Whilst accessibility features are tremendously useful for people with disabilities, medical conditions or special needs, I could not agree more with this key term in the heading: everyone. When I read down this page, I see features that I use all the time:
- The speak-screen function, whilst useful for the visually impaired, has been a great language-learning tool for me, as I highlight articles in German to be read out through my AirPods at whatever speed that I want;
- Safari Reader, as a tool for improving legibility with larger, sans serif San Francisco, has been a great way of cutting out advertisements and reducing strain on my eyes while browsing the Web at night;
- Siri, although a tool for people who may not be able to touch a display or use other input mechanisms, frequently enables me to interact with devices when my hands are full, whether on iPad Apple Watch or HomePods;
- Type to Siri lets me define words or make calculations quickly in public with my iPhone, if I don’t want to speak aloud; and
- The system zoom and dynamic type functions have obvious use cases, however I’ve found them to be genuinely useful for expanding parts of interfaces that cannot be adjusted with the pinch-to-zoom feature.
I could go on but I’ll stop there.
Why am I carrying on about this?
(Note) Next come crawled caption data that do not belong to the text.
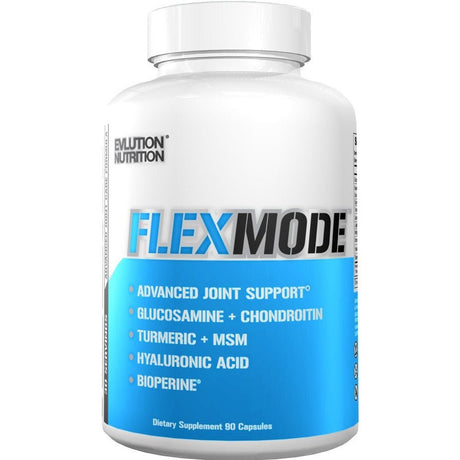 Kompleks na stawy EVLution Nutrition FlexMode 90 caps - Sklep Witaminki.pl
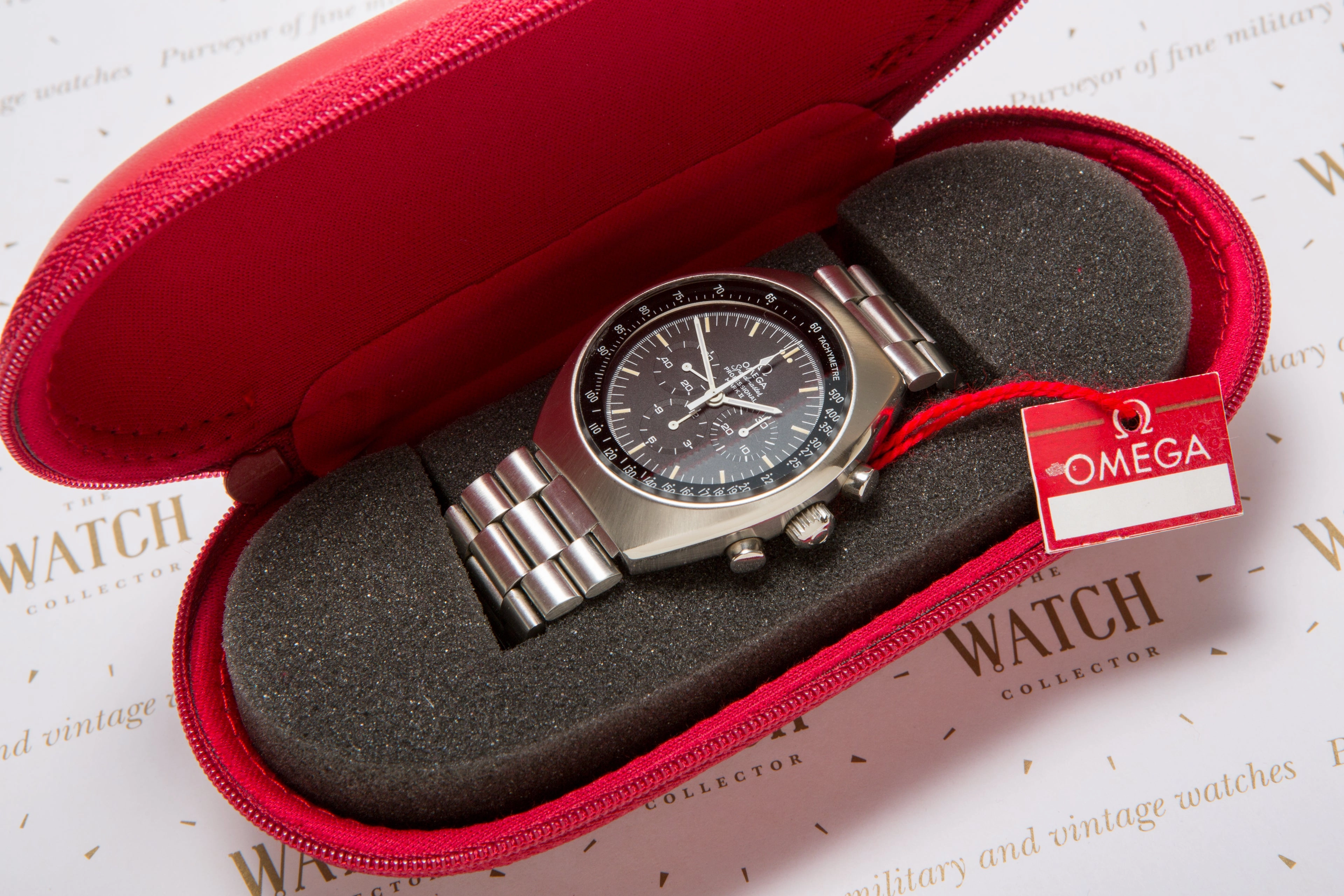Omega Speedmaster MK11 - SOLD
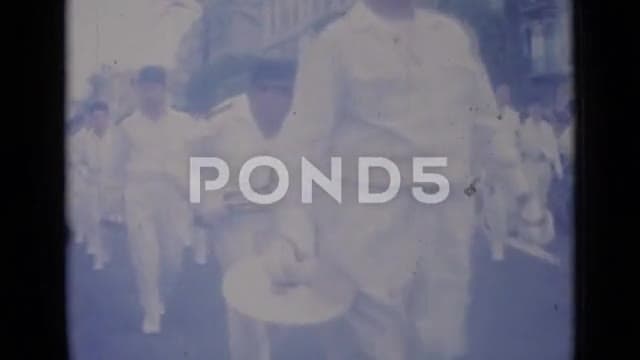 Thumbnail from Paris Postwar City Scenes (1945-1965) curated collection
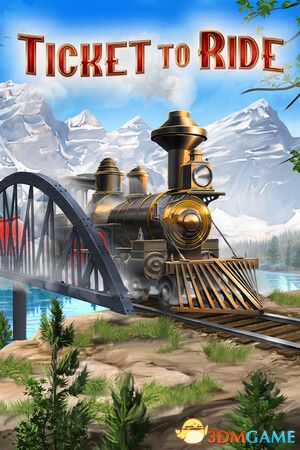 车票之旅(Ticket to Ride)集成日本扩展包DLC |解压即玩|
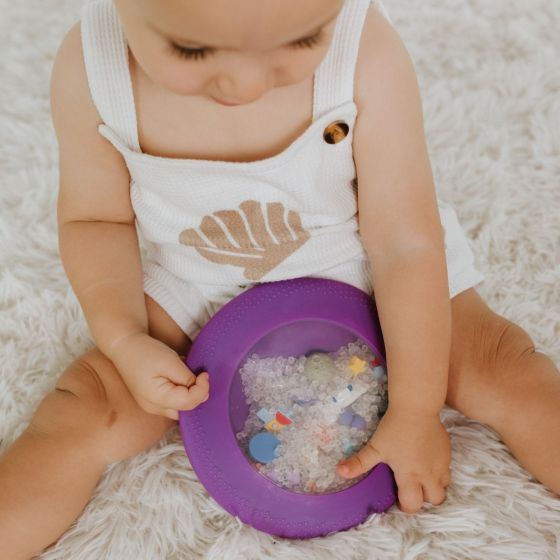 Peekaboo Sensory Bag - Galaxy - Jellystone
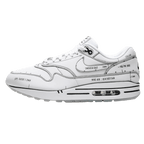 Nike Air Max 1 'Sketch Schematic - White'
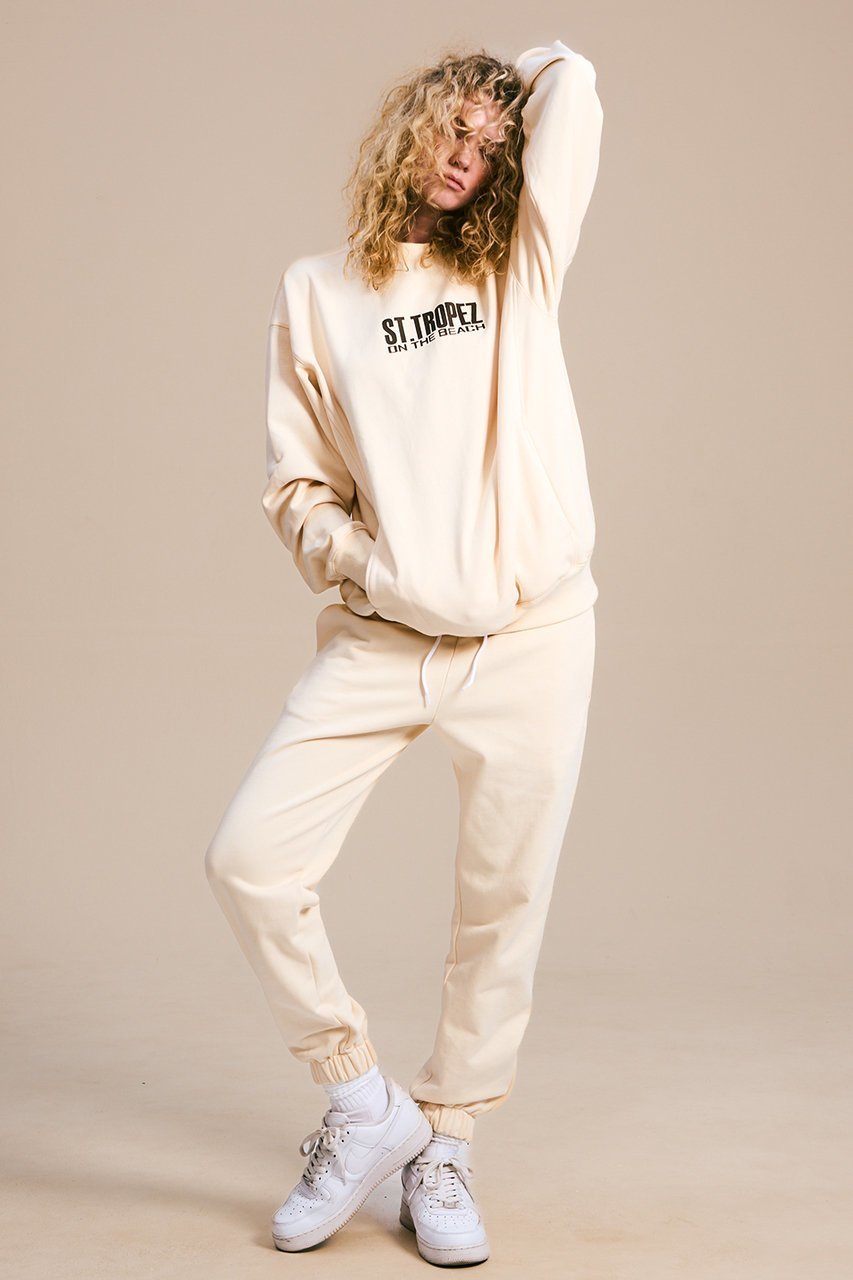 【ノマディス/NOMADIS】のスウェットトップス 人気、トレンドファッション・服の通販 founy(ファニー) 　ファッション　Fashion　レディースファッション　Fashion for Women　トップス・カットソー　Cut & Sew Tops　シャツ・ブラウス・オフィスカジュアル　Elegant Blouses & Button-Ups　レディースパーカー・カジュアルフーディー　Casual Hoodies & Sweatshirts　ロングTシャツ・Tシャツ　Longline T-Shirts & Tees　スウェット・クルーネックトップス　Sweatshirts & Crewnecks / Relaxed Fit Sweat Tops　カットソー・ベーシックTシャツ　Cut-and-Sewn Tops / Stretch Tees & Basics　スリーブ　Sleeve, Long Sleeve / Short Sleeve　フランス　France, French　フロント　Front, Front Design　プリント　Print, Printed Pattern　ポケット　Pocket, Pocket Detail　ロング　Long, Long-Length　other-2|ID: prp329100004607968 ipo3291000000032916539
It’s rather simple: when we design for the majority, we actually miss really important things. It takes a willingness to listen to the needs of minorities and the marginalised to make technology accessible. Features that may seem niche, obscure or even useless, once baked into the operating system, can have enormously positive consequences for all users.
The term ‘diversity’ is thrown around a lot these days, particularly by organisations that are looking to reassure customers and shareholders of their corporate social responsibility. When we push past this though, we realise that diversity is not just about gender or cultural background. Diversity, in its modern usage, is about different ways of thinking and approaching problems. People with different skills, circumstances and abilities can bring new things to the table and address issues that no one else might have considered.
Looking at this accessibility page, I’m grateful for these technological enhancements and thank the people out there who advocated for such improvements. With their creativity, contributions and feedback, everyone can benefit.
As long as Apple continues to look beyond the majority, the tools that we use every day will only improve.